Tonya shrugs and moves away to pour herself a drink from a carafe on the lodging’s kitchen counter. It’s as much an apology as Rowan can expect from someone so prickly.
Galileo brings them back to the present. “Right, well, if you’re quite finished, the Council has asked me to show you some of the previous amphitheatres before I head back to Terra. They want me to give you some idea of what you could be up against. Gather round, please.” The team members take their seats again as Galileo pulls up an iSplay and projects the hologram into the room. “I apologise for the quality. The recording is pretty scratchy on this one. It’s from two Conclaves ago.”
He touches a screen with his finger, and instantly a conical shaft of light descends from the ceiling. The team are projected into a desert. Apart from the rippled contours of the dunes, nothing can be seen for leagues.
“Where’s the challenge?” Rowan demands. “I can’t see anything.”
“Look, there are the competitors,” says Ari, pointing. “But they must be a long way behind at this point. I can’t see any of the other teams.”
The Terreans stagger slowly into the field of view, their bodies stooped.
“What’s wrong with them? They’re so slow. It’s like they’re swimming through a swamp,” says Mathilde.
Ari squints through the glare. “It’s the gravity,” he says, grim. “The gravity is different. Their weight has altered.”
“Is that all? That’s not so terrible,” Rowan says.
“It depends. If the gravity is strong enough and they’ve been out there for a while, it could cause difficulties with their circulation. Blood would struggle to get back to the heart, and their organs might collapse under their own weight,” says Ari.
Their predecessors make a tortuous passag
e across the glaring white of the scorched earth, every step clearly an agony for them.
Mathilde gasps, puts her hands over her mouth, and turns away.
“No! Keep watching,” commands the guide.
Reluctantly, Mathilde forces her eyes back to the projection.
Suddenly, the ground opens behind the Terreans and a gigantic red centipede erupts from the fissure. Opening its maw, it spears the trailing team member between razored pincers before plunging back into the earth, the skewered body still in its grip. The others, realising immediately that their team-mate is lost, break into a run, trying to put some distance between themselves and the carnivorous arthropod. But the oppressive gravity prevents their progress. One by one they drop to their hands and knees as their hearts strain under the load. The iSplay zooms in, cruelly. Their faces are contorted in terror.

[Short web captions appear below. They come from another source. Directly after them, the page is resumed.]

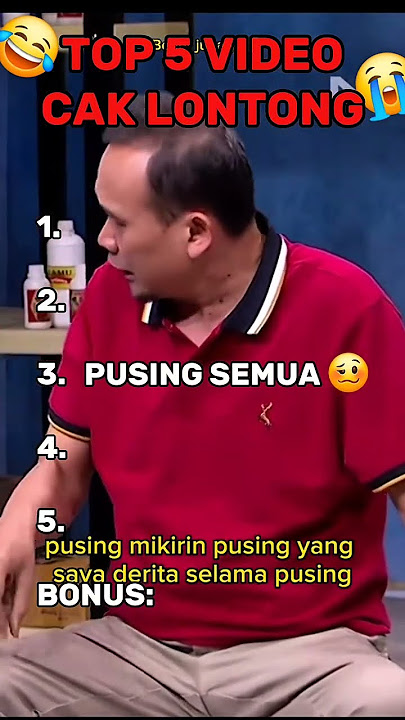 TOP 5 VIDEO LUCU CAK LONTONG #lucu #caklontongviral #caklontong #caklontonglucu #caklontongterbaru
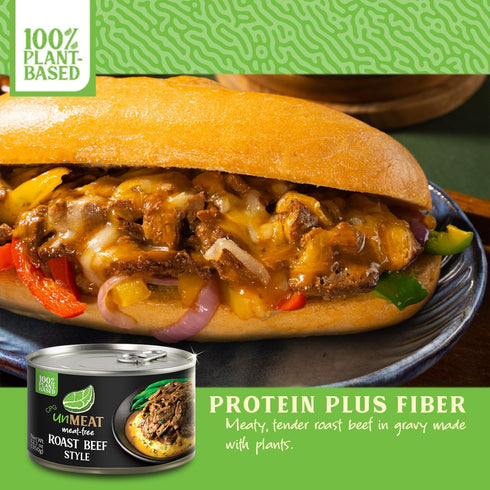(Pack 12) unMEAT Plant Based Meat | Easy to Prepare Plant Based Protein | Vegan Meat with Less Calories, Roast Beef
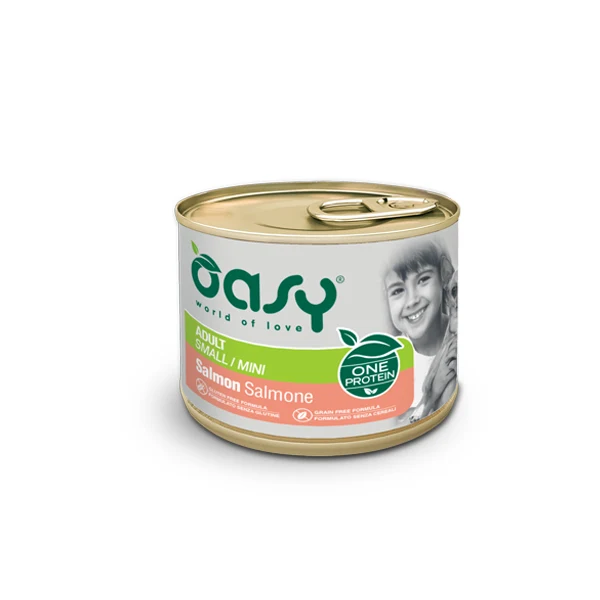 Oasy Umido Cane 200gr ONE PROTEIN - Adult Small/Mini Salmone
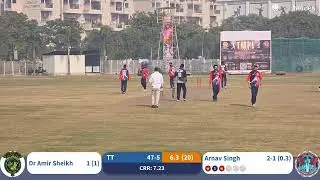 TMU AIRWAY AVENGERS vs TMU TOXINS live cricket match | TMPL 2025 - TMU Medical Premier League  live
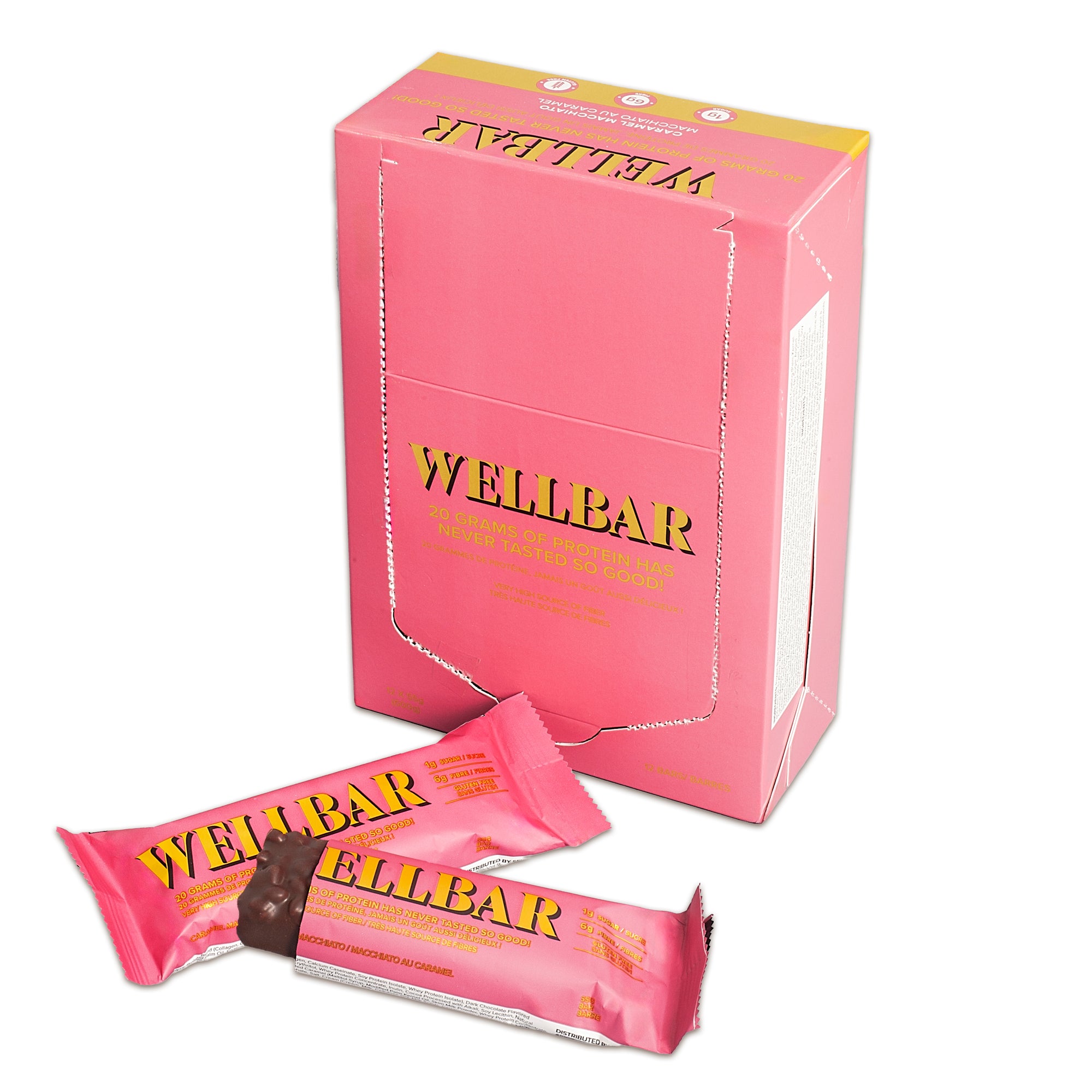 Caramel Macchiato | High-Protein Bar (12-Pack) | Zero Alcohol Sugar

Rowan is horrified. This is so unfair! How could anyone prepare for this? What could those Terreans have done? A few extra push-ups? Some altitude training? Total waste of time. There’s no fitness training, problem-solving, or team dynamic that will help if you’re thrown into an amphitheatre so hostile, it won’t support your physiology. Those poor shits. They must have known they were dead the minute they found themselves in that hell-hole. Rowan searches his team-mates’ faces. All are tense with anticipation. Mathilde has pulled her knees up to her chest and is rocking softly. In just a few hours they’ll be facing their own amphitheatre, possibly even worse that this one. How will she handle it?

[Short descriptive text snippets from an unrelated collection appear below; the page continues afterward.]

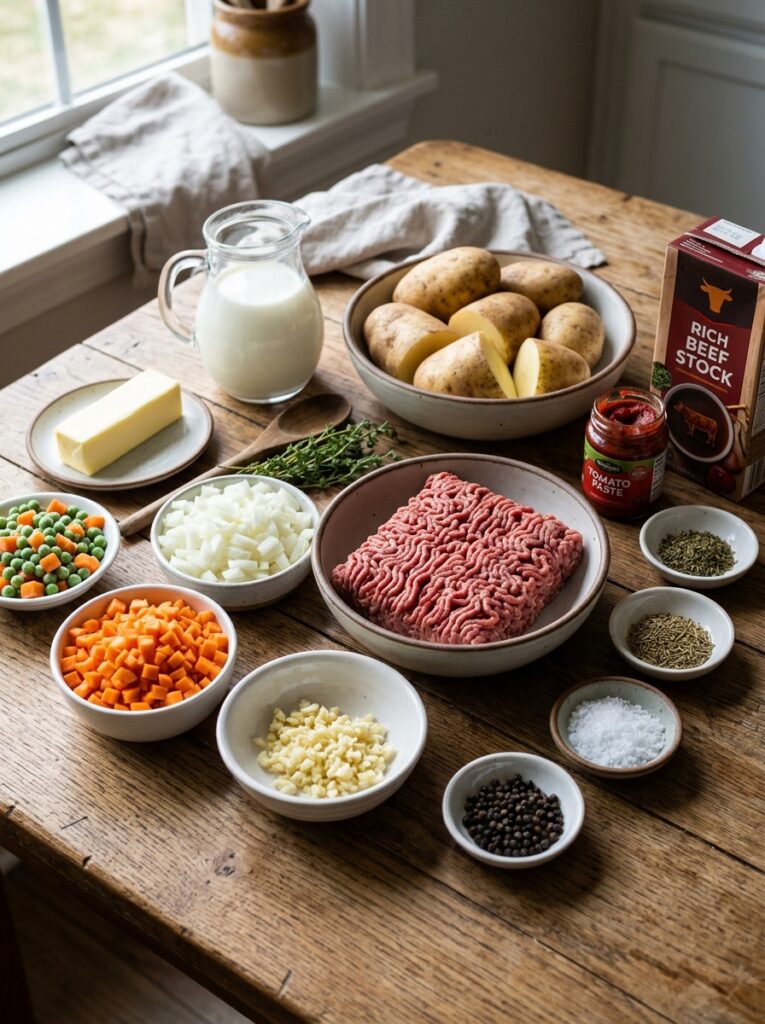High Protein Beef Cottage Pie Recipe 13 Beef cottage pie ingredients arr… 202605101249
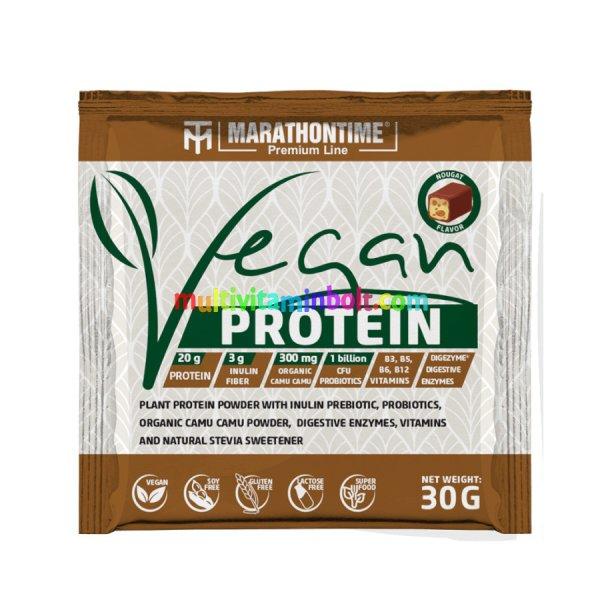 Prémium Vegán protein-nugát 30 g - Marathontime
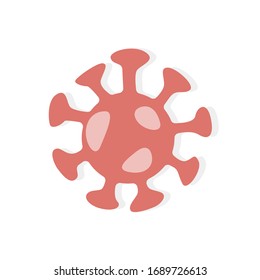 Corona virus 2019-nCoV on white background. Trendy flat style for graphic design, web-site. Vector illustration EPS 10.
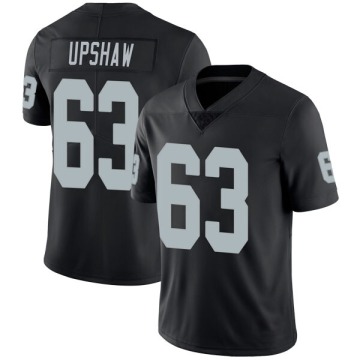 Wilson Gene Upshaw Men's Black Limited Team Color Vapor Untouchable Jersey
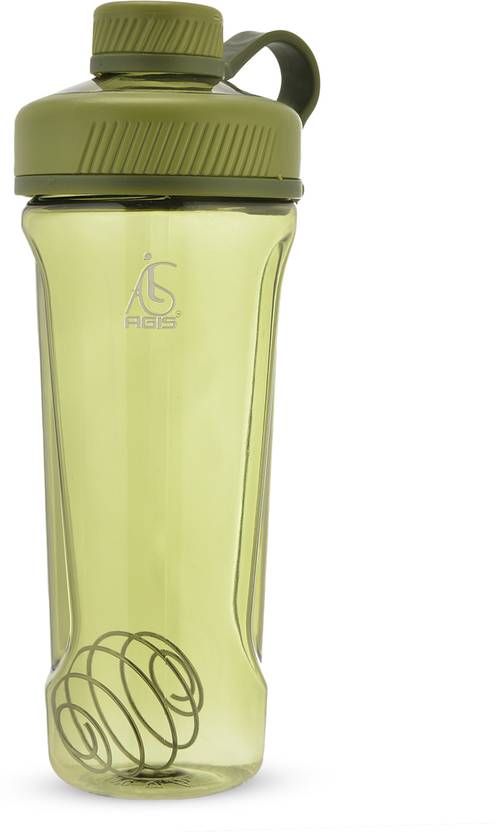 AGIS Military Gym Bottle for Protein Shake 100% Leakproof Guarantee 1000 ml Polyethylene Shaker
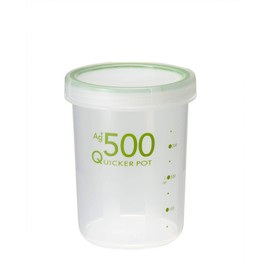 Shinki Synthetic Dragonfly NF-500 Natural Quicker Pot, Storage Container, Antibacterial, Deep, Airtight, 16.9 fl oz (500 ml), Diameter 3.7 x Height 4.5 inches (9.5 cm), Height 4.5 inches (11.5 cm),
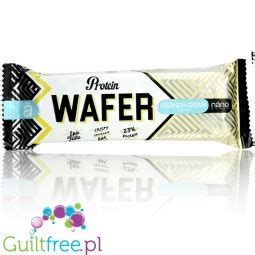 Nano Protein Wafer Cookies Cream Ciasteczkowy Wafelek Proteinowy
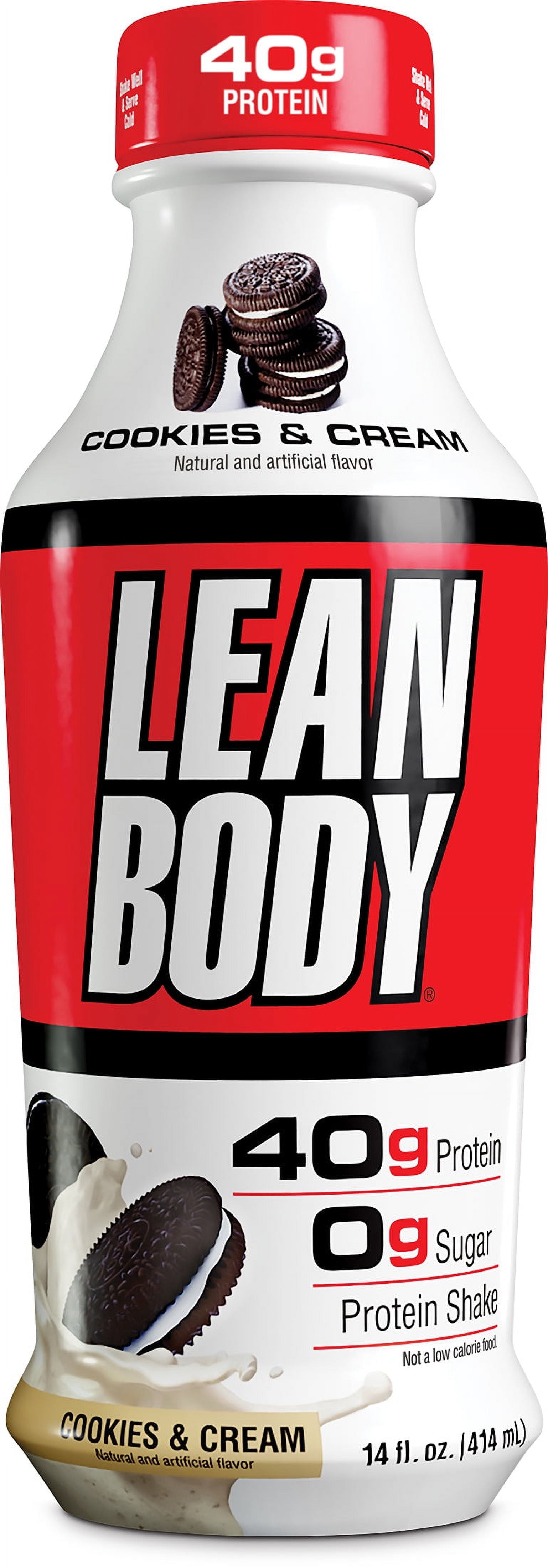 (2 pack) COOKIES & CREAM LEAN BODY PROTEIN SHAKE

Tonya bites her lip. She breathes in sharply. Even Ari winces.
Something is happening on the projection. In spite of himself, Rowan is compelled to watch. It’s another centipede—or perhaps it’s the same one. This time the colossal body emerges in front of the pitiful Terreans, stopping them in their tracks.
“Why don’t they fight?” Tonya whispers. “Use a knife or something?”